Он снова проводил ее в прихожую и повел вверх по лестнице. Прежде чем они попали в покои хозяина, Келси насчитала четыре спальни.

Комнаты Гейба располагались на разных уровнях – спальня находилась на три ступеньки выше гостиной. Сложенный из камня камин был устроен так, чтобы обогревать изножье огромной – размером с небольшое озеро – кровати. Над изголовьем в потолке был сделан прозрачный люк, сквозь который можно было наблюдать луну и звезды.

Как и во всем доме, здесь властвовала эклектичная смесь классики и модерна.

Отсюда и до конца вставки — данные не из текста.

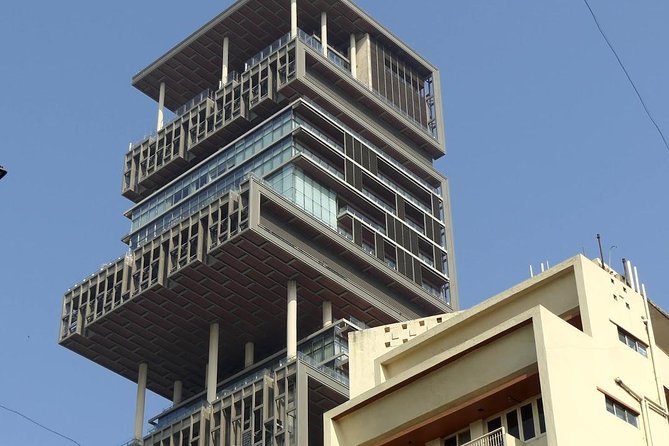 South Mumbai City with Dharavi Slum Tour in Private Vehicle - Girgaum Chowpatty: A Breath of Sea Air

На чиппендейлском столике стояла бронзовая абстрактная скульптура, пол был застелен пестрым персидским ковром, а в самом центре высился журнальный столик со столешницей неправильной формы из отполированного тика. Вазы из мейсенского фарфора стояли на полке чуть ниже картин, написанных в современной, свободной манере.

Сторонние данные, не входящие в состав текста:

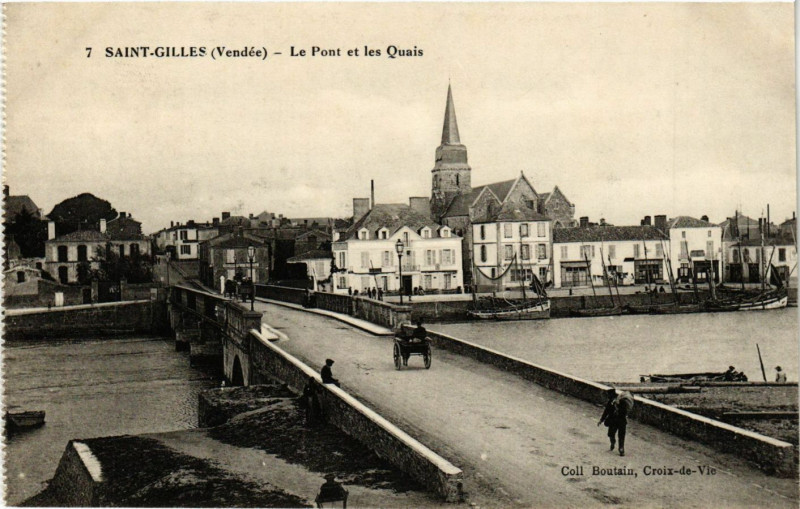 Carte postale ancienne Saint-Gilles - Le Pont et les Quais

Келси немедленно потянуло к картинам. Даже с противоположной стороны комнаты она узнала кисть, которой принадлежали и картины в доме Наоми, а приблизившись, разглядела в углу холста инициалы художника – Н. Ч.

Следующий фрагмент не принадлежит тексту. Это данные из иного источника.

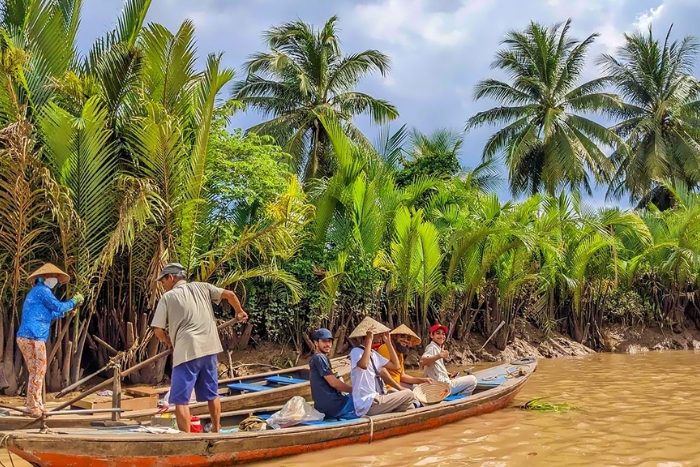 Vietnam itinerary 14 days : best things to do with your friends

«Столько экспрессии, столько внутренней энергии и страсти в этих неистовых мазках, в этом резком противопоставлении беспримесных, почти примитивных красок», – подумала она, а вслух заметила:

– Не слишком ли для спальни?

– Нет, – возразил Гейб. – Здесь им самое место.

– Эн-че… – пробормотала Келси, снова обратившись к инициалам в уголке холста. – Неужели это рисовала Наоми?

– Да. Разве ты не знала, что она рисует?

– Нет. Никто не удосужился мне сказать. Она очень талантлива. Во всяком случае, я знаю нескольких агентов, которые на коленях умоляли бы ее продать эти полотна.

– Наоми бы тебя за это не поблагодарила. То, что она рисует, – все это очень личное.

– Любое искусство – вещь глубоко личная, – ответила Келси, отворачиваясь от картины. – И давно она занимается живописью?

– Нет. Но ты лучше спроси об этом у нее самой. Она расскажет тебе все, что тебе захочется узнать.

– Всему свое время. – Обходя комнату, Келси сделала крошечный глоток из своего бокала. – Не знаю, на что был похож этот дом до того, как попал к тебе в руки, но думаю, вряд ли он мог бы потягаться с твоим теперешним… обиталищем.

Она почувствовала себя свободнее и повернулась к Гейбу.

– Должно быть, соседи пришли в ужас, когда увидели, что возводят у них под боком?

– Не без того. – Гейб ухмыльнулся, как показалось Келси, не без самодовольства. – В радиусе двух десятков миль все были шокированы.

– А ты наслаждался этим вовсю.

– И снова – прямо в точку. Какой смысл иметь хорошую или дурную репутацию, если не можешь ей соответствовать в делах и поступках?

– А какой репутацией пользуешься ты?

– Дурной, дорогая Келси, самой дурной. Спроси любого, и тебе скажут, что находиться наедине со мной в спальне означает сделать первый шаг к погибели.

– От первого шага до окончательной гибели довольно длинный путь.

– Не такой уж он и длинный.

Пожав плечами, Келси залпом допила все, что оставалось в ее бокале.

– Расскажи мне о карточной игре.

– За ужином. – Гейб протянул руку. – Я очень люблю интимную атмосферу ужина у камина. Для меня это еще один шаг к краю пропасти.

Заинтригованная, Келси оперлась о его протянутую руку.

– Ты пока ничем не подтвердил свою дурную репутацию.

– Все еще впереди.

Внизу он снова наполнил ее бокал. За время их отсутствия слуги, которых Келси не видела и не слышала с тех пор, как вошла в дом, успели поставить на столик две тарелки с серебряными крышками, зажечь свечи и включить негромкую музыку. Келси узнала Гершвина.